Tuesday, January 4, 2011

Cambodia 2011, A Story of Hope

Daughters of Cambodia. org

Daughters of Cambodia
Kampot Pepper

I happened upon a series of articles while perusing the online edition of the Orange County Register Newspaper. What caught my eye was the mention of a topic that I had written several posts about. That topic was Cambodia and the problem of human trafficking, namely the selling of young women as sex slaves, in many cases by their destitute families. The original post Sex Trafficking, The World's Second Oldest Crime still garners  30 to 40 visits each day, the obvious element drawing in lookers, but the reality is that over half, of the visits end up staying to read the whole article. I continued to write on this subject here and here. The series of articles in the Register are penned by reporter Tom Gordon who relates how an accident changed his life and in turn is changing the lives of people 8,220 miles across  the Pacific in Cambodia.

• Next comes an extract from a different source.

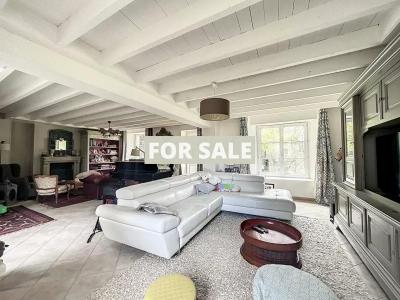 Detached Country House with Outbuilding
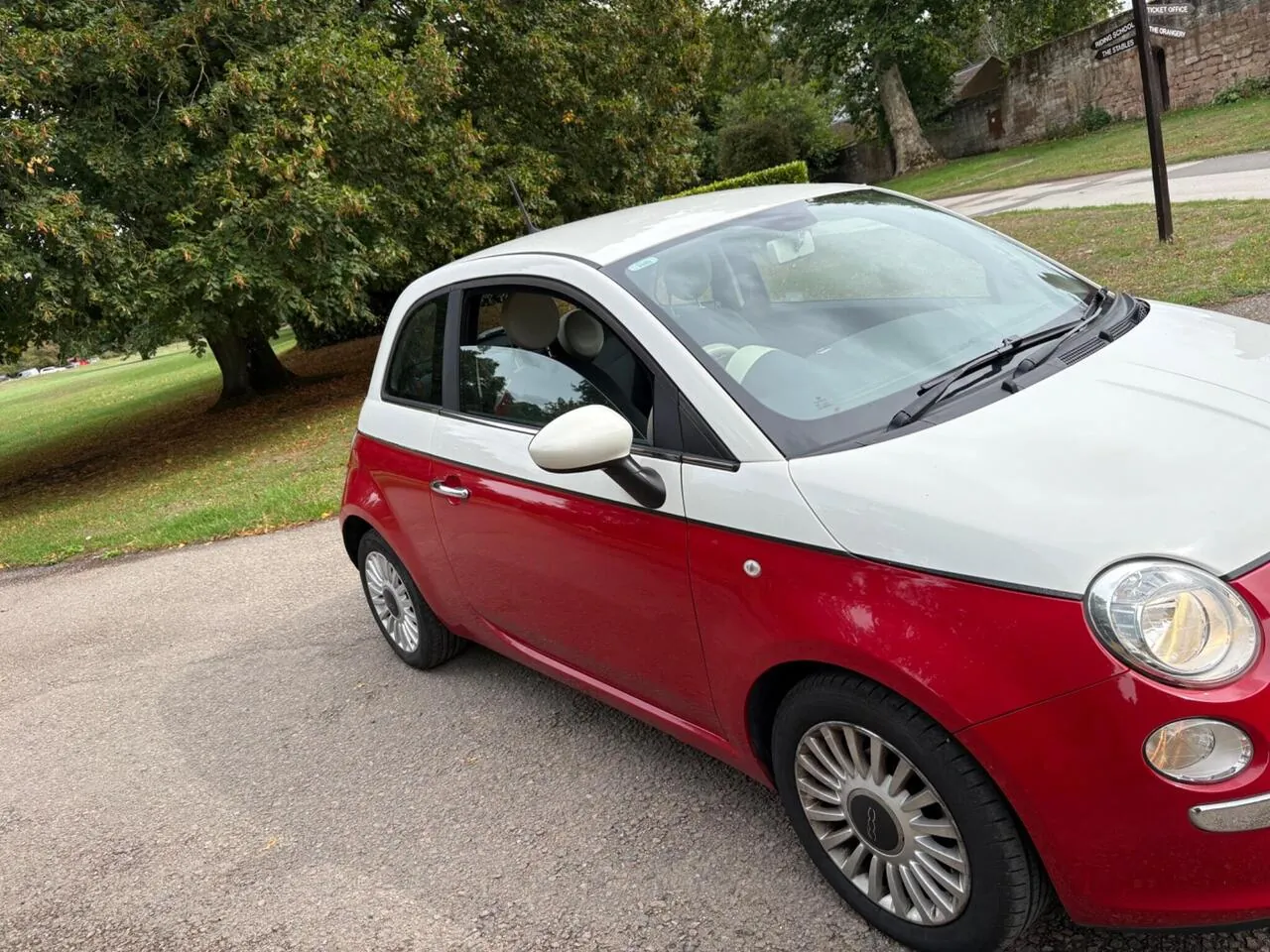 Fiat 500 2015 photo 5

Tom begins his story like this.
I learned something in 2010.
I learned that your life – no matter how orderly and planned – can be turned upside down in seconds.
On the afternoon of May 13 I was sitting at my desk at The Register's Anaheim office doing what I normally do: supervising coverage of murderers, child molesters, traffic accidents, gas leaks and the like. I got a message from photographer Bruce Chambers about a traffic accident that had closed Main Street at Sycamore in West Orange.
Close to my house, I thought.
Bruce was on the way. It was one of a dozen accidents we cover during the course of a week.
A few minutes later I got a call from the trauma center at the UCI Medical Center.
They told me my wife had been out walking the dog, waiting at a stoplight, when two cars collided. One car jumped the curb and hit her. Cris was thrown on to the hood of a Dodge Neon and cracked the windshield with her head. Worse, her foot somehow had been caught underneath the car.
Tom Gordon goes on to relate how the accident prompted him to make a 17 hour journey to Cambodia a country he and his wife had visited during their vacations to South East Asia. Tom and his wife hatched a plan to bring back the rare Kampot pepper, grown only in the Kampot region of Cambodia, and introduce it to markets in the U.S. What unfolds is a story that will warm your heart as you learn of Tom's trip and how he enlists the help of the Daughters of Cambodia an organization that rescues and helps girls escape the scourge of human trafficking. Tom hired the organization to sew the pouches he would use to transport the pepper pods back to the United States.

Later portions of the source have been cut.